--- DATA PROVIDED ---
*** Block opens ***
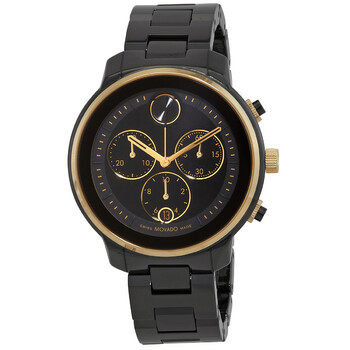Đồng hồ Movado Bold Verso Chronograph Quartz Mặt Đen 3600932 Nữ Chính hãng Sale giá Rẻ tại XaXi World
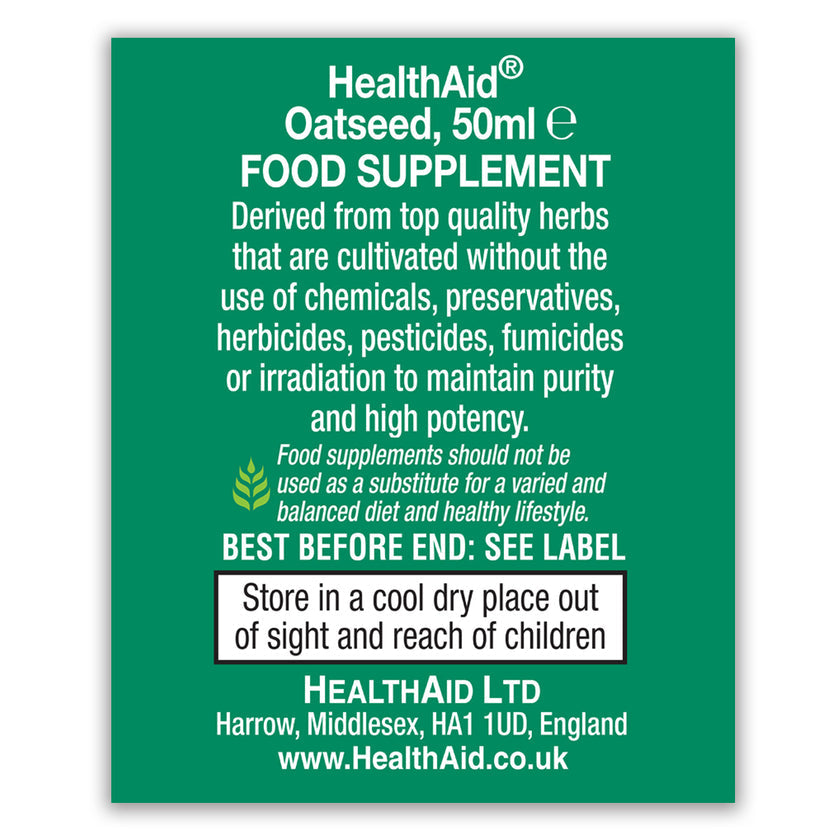 HealthAid Oat Seed (Avena sativa) Liquid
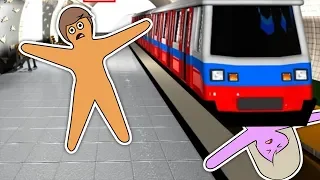 ME ATROPELLÓ UN TREN EN GANG BEASTS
*** Block closes ***
--- YOUR INSTRUCTIONS ---
An exact reproduction of the data is required, with pictures excluded.

--- EXERCISE ANSWER ---
Đồng hồ Movado Bold Verso Chronograph Quartz Mặt Đen 3600932 Nữ Chính hãng Sale giá Rẻ tại XaXi World
 HealthAid Oat Seed (Avena sativa) Liquid
 ME ATROPELLÓ UN TREN EN GANG BEASTS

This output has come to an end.